The Thin Air explanation seems to have it.
Doing away with calculus because I’ll confuse myself, a non-rigorous power explanation at least satisfies me.
Say the car is already moving at the windspeed V so there is zero relative windspeed. A force f at speed V extracted from the wheels as a propeller drive would tend to slow the vehicle and provide extracted power fV. In order to maintain the vehicle speed and ideally make it go faster, a larger force F must be applied by the prop. This power The prop applies it’s available power relative to the local airspeed (currently zero). So it’s easy for extracted power fV to apply a large push force F against the (already moving) air because v is small, and locally tending to~0.

So F>f and so overall the vehicle will accelerate beyond windspeed until they are equal.

QED? well it satisfies me anyhow.

ok, Here is the best explanation i have seen

Start with a vehicle where the spinning of wheels on the ground drive the propeller which moves the machine. Let’s assume, at first, that it is a perfectly frictionless machine, perfectly aerodynamic, with 100% efficiency in the propeller.

In dead air, if you pushed it forward, it would continue to move forward at exactly the speed you pushed it because the wheels drive the propeller which keeps it moving.

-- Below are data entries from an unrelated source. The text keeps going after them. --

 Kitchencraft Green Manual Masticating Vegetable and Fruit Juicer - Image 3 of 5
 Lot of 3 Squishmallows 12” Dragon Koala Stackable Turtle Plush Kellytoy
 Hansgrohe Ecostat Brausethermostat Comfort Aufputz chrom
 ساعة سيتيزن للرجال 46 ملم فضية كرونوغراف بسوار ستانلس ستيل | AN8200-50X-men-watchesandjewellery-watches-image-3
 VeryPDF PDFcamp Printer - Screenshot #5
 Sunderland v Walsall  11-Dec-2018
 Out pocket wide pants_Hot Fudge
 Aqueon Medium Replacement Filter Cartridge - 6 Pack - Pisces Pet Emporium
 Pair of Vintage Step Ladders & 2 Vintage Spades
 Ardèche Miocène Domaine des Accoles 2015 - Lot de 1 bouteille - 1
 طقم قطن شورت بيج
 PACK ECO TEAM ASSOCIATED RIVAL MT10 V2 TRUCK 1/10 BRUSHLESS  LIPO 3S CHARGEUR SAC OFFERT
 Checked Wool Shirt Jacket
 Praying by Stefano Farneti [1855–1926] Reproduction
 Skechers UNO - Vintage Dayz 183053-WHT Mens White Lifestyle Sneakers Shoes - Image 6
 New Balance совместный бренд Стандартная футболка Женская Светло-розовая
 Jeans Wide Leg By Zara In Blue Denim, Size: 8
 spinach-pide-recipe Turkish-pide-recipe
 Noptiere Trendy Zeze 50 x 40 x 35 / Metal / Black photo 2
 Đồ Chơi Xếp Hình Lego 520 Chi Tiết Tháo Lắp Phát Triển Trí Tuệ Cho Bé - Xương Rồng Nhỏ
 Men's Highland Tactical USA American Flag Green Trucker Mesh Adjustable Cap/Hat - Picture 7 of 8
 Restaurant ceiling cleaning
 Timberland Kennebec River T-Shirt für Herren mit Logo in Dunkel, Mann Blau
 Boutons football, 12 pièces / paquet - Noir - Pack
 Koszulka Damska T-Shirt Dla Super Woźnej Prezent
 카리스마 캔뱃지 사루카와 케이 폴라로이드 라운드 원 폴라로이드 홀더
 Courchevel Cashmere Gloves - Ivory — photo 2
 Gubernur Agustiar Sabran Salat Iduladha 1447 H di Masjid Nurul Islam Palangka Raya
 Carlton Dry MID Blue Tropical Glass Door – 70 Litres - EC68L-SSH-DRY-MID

If there was a slight tailwind, then it would continue to accelerate. The wheels would always be pushing the propeller a tiny bit faster than what is needed for the speed it is currently going, because the air speed is slightly less than the ground speed. Suppose the tailwind is 1 kph. When the wheels are rolling at 2 kph, they are spinning the propeller fast enough to go 2 kph, but that is 2 kph relative to the air around it. Since the air is still moving at 1 kph, that means the propeller is trying to drive the vehicle at 3 kph relative to the ground. Once you reach that speed, the wheels are now pushing the propeller enough to go 3 kph relative to the wind, which means 4 kph relative to the ground. etc.

Now re-introduce reality. There are four energy drains to overcome: First is the internal friction of the vehicle, which can be made to be very small with good engineering. Second is the wind resistance, which is not significant until you have at least beaten the challenge of exceeding the wind speed, and can be reduced with good aerodynamics. Third is the internal efficiency of the transfer of energy from the wheels to the propeller (which their blog says was the biggest challenge). Finally (though they don’t mention it), there is the need to salvage all the energy from the ground speed. If the wheels start to slip, for instance, you don’t get all the energy pushed back into the propeller. They had to introduce friction here, but it is rolling friction, which is pretty tiny.